Somehow I accidentally stumbled on this G&M article on the apparent popularity of Canadian icewine in Asia, and while I suspect that any comment thread that comes here will eventually descend into a discussion of booze (Godwine’s law?), what struck me was the utter nonchalance of this bit off-handedly mentioned towards the end:
Debbie Inglis’s Niagara Vintage Harvesters is one. A professor at Brock University, Inglis inherited the 20-acre property, which is in the Four Mile Creek sub-appellation. Planted in 1981, it’s one of the oldest blocks of Riesling in Niagara. Inglis—who was named Niagara’s “Grape King” in 2010 for the quality of her vineyard—manages it with her husband, Rob. Inniskillin contracts her to net off four acres of Riesling for icewine and to deliver 3,000 litres of juice at between 38 and 40 Brix. If she’s paid for juice by the litre (rather than by the grape tonne), that would be as much as $90,000, three times what a regular fall harvest would fetch.
It’s the third week of January and the temperature’s supposed to fall to -10 or -11 by midnight. The wind chill puts it at -22. When I arrive at the vineyard at 11 p.m., Rob looks me over and says, “Is that the coat you’re wearing?” I have layers on, but it’s decided I need another coat to put underneath my coat. They lend me snow pants too. They’re not wowed by my two sets of gloves, but I’ll have to live with them.
The harvesters—an all-Vietnamese crew numbering about 18—arrive at midnight. A tractor lifts a bank of floodlights high, to shine down on the rows. A supply of flimsy wooden baskets gets unloaded and distributed. Debbie has chicken soup on the stove, meant for her husband and Steve, a winery hand, some time in the morning. The workers will get a meal break too, but the crew boss prefers they eat outside in the wind.

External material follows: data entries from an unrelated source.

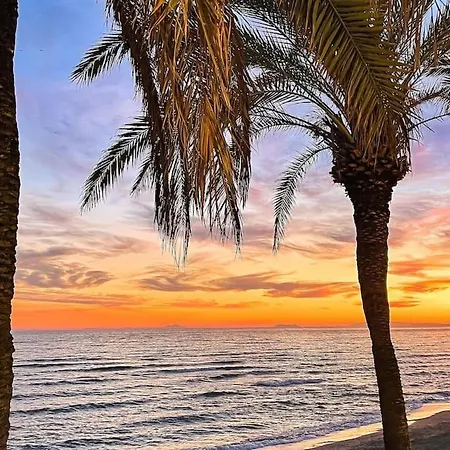 Valdecantos Beachfront شقة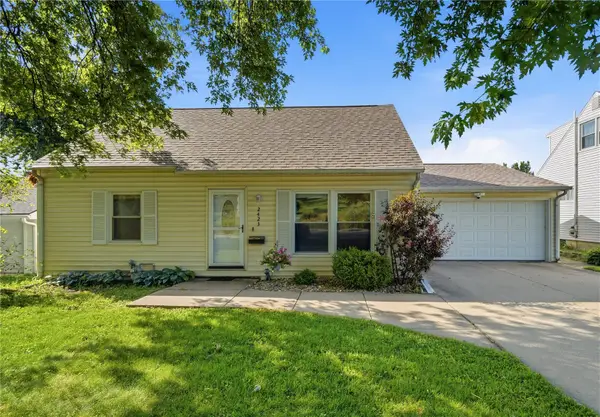 2423 1st Sw, Cedar Rapids, IA 52405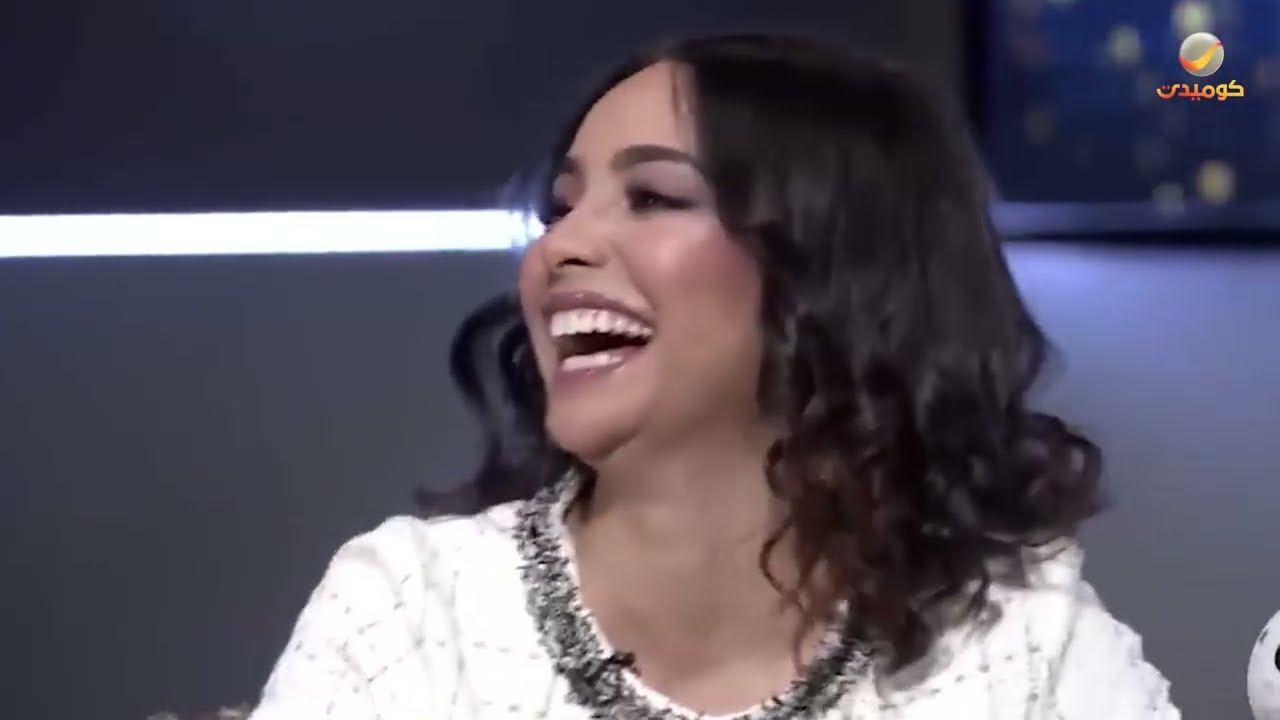 نجمة شباب البومب سارة اليافعي ضيف الحلقة الثامنة من برنامج  طارق شو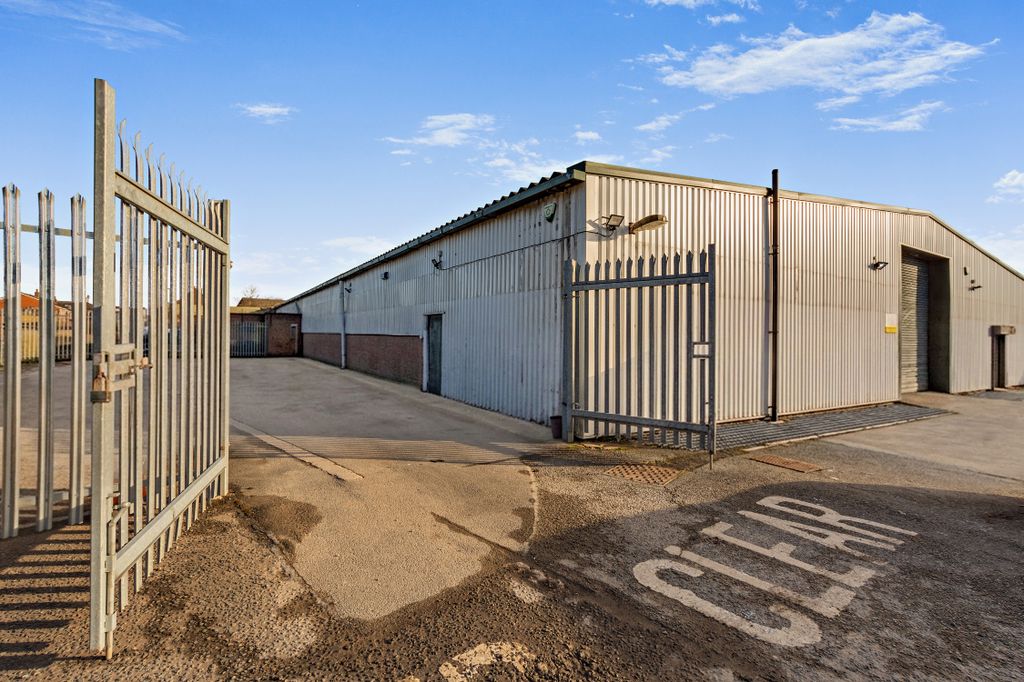 Property photo 2 of 8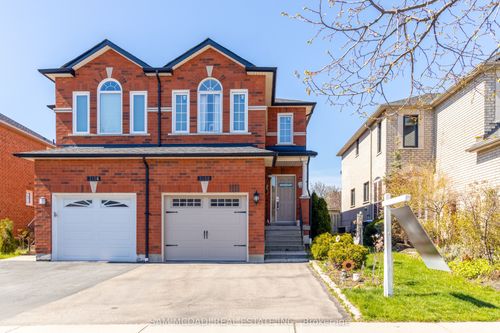 3158 Clayhill Rd, Mississauga, ON, L5B4H6 | Card Image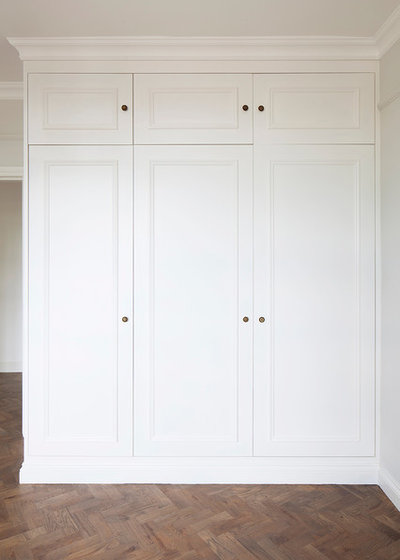 25 Super Stylish & Functional Wall-to-Wall Wardrobe Designs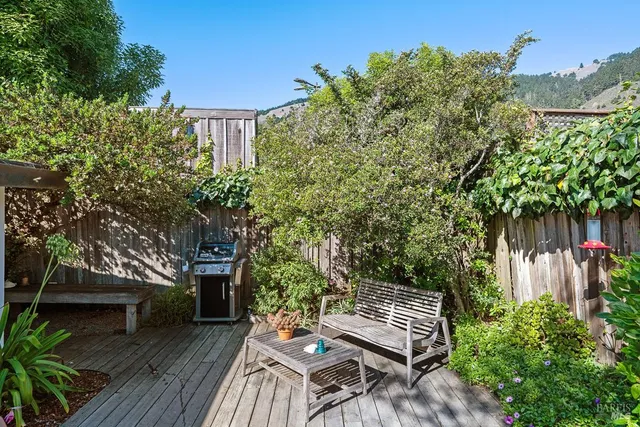 $2,300,000 | 40-42 Arenal Avenue, Stinson Beach, CA 94970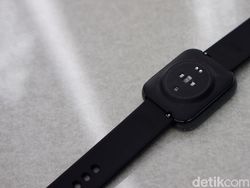 Unboxing Realme Watch, Sang Penantang Apple Watch Harga Terjangkau
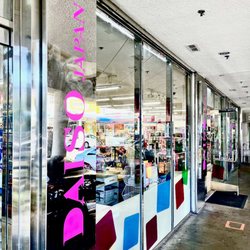 Daiso - the storefront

It’s a brutal, burning wind. After a thaw earlier in the month, there’s no snow on the ground, so the wind tries to lift the dirt. It’s already knocked down the sign at the entrance to the property, and now it balloons the chests of the scarecrows made from hazmat jumpsuits and Javex-bottle heads, and sends the paper hawks above spinning. After workers dump the grapes from their baskets into a bin, they toss the baskets high against the black sky and let the wind carry them to the next row.
Well, it’s the Report on Business…but it is remarkable still. Should the reporter get credit for mentioning that the crew boss wants the (Vietnamese) workers to eat outside in the comically inhospitable weather? It’s hard to know where to begin, there are so many awful flavours here that taste awful together.